I thank my hon. Friend for making that important point.
An innovative product is only one part of the story; we must also use the current crisis as an opportunity to change the way we do business so that a structure can be established to protect the steel industry for many years to come. What about a management-workforce buy-out at Tata Port Talbot, and perhaps elsewhere? It could be set up in the shape of a co-operative and take advantage of the benefits of a tripartite model of delivery that would also involve investment from the public and private sectors. There are many such examples from across Wales and the UK, including Tower Colliery, John Lewis, Welsh Water and hundreds of credit unions. Welsh Water’s slogan is “For Wales, not for profit”; we could apply the same principle to our other key industries, which for Wales means steel.
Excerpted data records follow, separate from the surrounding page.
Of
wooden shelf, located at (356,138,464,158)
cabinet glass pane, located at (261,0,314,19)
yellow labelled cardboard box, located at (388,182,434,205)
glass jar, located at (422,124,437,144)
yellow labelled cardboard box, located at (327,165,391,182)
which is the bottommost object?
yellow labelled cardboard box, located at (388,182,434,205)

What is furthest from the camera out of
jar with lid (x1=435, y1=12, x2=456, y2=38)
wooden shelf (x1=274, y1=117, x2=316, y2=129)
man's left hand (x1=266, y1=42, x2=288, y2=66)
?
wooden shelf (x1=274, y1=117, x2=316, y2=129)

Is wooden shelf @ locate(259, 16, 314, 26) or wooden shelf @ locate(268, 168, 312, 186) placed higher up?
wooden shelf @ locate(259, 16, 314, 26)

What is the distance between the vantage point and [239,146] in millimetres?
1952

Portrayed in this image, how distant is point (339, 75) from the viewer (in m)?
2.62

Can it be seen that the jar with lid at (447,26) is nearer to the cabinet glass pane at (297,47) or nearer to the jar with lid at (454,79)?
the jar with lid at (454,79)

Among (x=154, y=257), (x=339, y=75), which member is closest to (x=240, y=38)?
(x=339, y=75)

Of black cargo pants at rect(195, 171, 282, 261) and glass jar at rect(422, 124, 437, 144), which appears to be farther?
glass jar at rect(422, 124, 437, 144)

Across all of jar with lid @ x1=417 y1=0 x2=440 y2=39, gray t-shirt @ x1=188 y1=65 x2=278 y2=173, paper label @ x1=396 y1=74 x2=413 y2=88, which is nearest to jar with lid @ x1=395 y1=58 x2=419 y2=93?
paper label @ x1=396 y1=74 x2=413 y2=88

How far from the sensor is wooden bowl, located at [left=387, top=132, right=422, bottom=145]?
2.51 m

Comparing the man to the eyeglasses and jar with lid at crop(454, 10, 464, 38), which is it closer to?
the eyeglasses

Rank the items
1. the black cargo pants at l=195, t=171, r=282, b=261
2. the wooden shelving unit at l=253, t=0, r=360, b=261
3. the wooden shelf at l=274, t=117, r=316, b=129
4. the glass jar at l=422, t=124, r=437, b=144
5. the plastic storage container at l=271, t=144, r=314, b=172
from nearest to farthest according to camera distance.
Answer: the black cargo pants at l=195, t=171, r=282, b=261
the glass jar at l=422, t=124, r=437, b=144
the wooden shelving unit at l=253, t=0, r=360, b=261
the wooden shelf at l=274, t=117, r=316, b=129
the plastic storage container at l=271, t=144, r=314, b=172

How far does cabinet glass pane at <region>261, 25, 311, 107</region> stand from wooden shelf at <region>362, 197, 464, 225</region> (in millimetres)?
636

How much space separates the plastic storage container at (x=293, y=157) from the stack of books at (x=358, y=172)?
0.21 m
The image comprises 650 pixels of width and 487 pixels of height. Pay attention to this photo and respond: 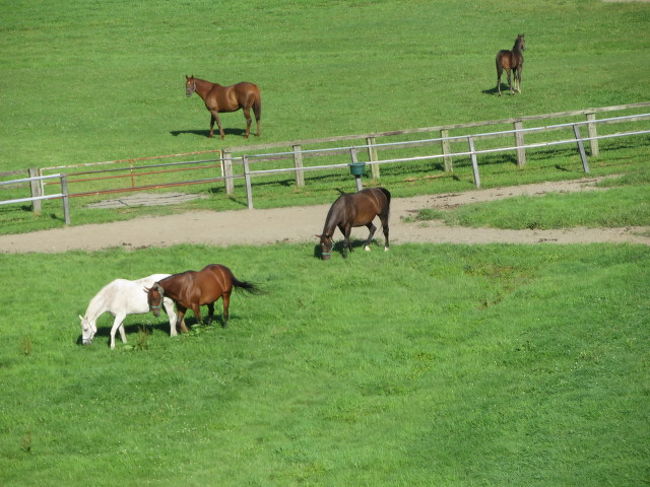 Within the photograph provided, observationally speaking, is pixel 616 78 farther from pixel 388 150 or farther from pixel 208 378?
pixel 208 378

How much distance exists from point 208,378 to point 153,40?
37.2 metres

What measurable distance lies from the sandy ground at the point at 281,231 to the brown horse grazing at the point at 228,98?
9.79 m

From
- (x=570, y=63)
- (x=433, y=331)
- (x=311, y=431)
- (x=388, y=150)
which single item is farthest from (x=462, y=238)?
(x=570, y=63)

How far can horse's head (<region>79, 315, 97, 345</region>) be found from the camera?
15.5m

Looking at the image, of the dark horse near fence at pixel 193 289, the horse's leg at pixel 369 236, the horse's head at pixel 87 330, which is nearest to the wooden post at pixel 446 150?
the horse's leg at pixel 369 236

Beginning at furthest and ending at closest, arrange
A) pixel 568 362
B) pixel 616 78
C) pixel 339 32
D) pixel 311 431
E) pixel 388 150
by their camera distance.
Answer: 1. pixel 339 32
2. pixel 616 78
3. pixel 388 150
4. pixel 568 362
5. pixel 311 431

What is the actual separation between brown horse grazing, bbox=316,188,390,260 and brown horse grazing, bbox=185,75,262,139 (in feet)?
46.9

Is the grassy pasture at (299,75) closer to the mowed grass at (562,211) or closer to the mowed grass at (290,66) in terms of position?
the mowed grass at (290,66)

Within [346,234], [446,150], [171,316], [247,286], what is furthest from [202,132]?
[171,316]

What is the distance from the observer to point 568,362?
13547 mm

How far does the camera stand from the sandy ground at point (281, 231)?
20.5m

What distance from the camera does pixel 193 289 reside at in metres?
15.5

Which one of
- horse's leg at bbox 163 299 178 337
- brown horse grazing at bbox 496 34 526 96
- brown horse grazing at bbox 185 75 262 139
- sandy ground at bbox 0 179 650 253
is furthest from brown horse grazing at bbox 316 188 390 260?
brown horse grazing at bbox 496 34 526 96

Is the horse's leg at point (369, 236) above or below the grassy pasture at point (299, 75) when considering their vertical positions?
below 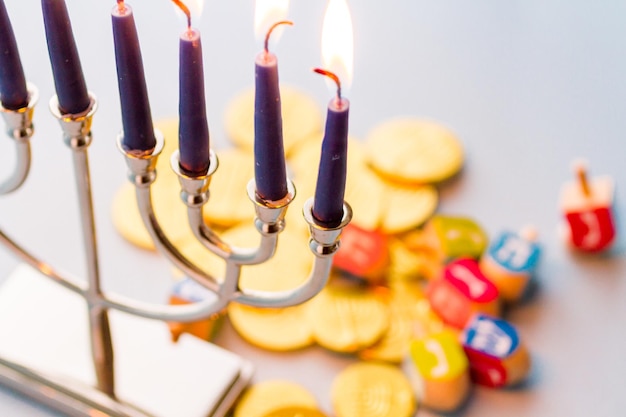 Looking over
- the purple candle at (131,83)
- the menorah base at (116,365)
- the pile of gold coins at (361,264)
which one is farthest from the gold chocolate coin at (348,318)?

Co-operation, consensus and community are the founding principles of not only co-operatives but the Labour party. It is on those shared values that figures from across the Labour movement have led the development of organisations that have anchored communities during difficult times and helped to create a buffer against global economic shifts. Let us consider the possibility of doing the same in communities such as Neath, Port Talbot and elsewhere. I urge the Government to play their part in this endeavour.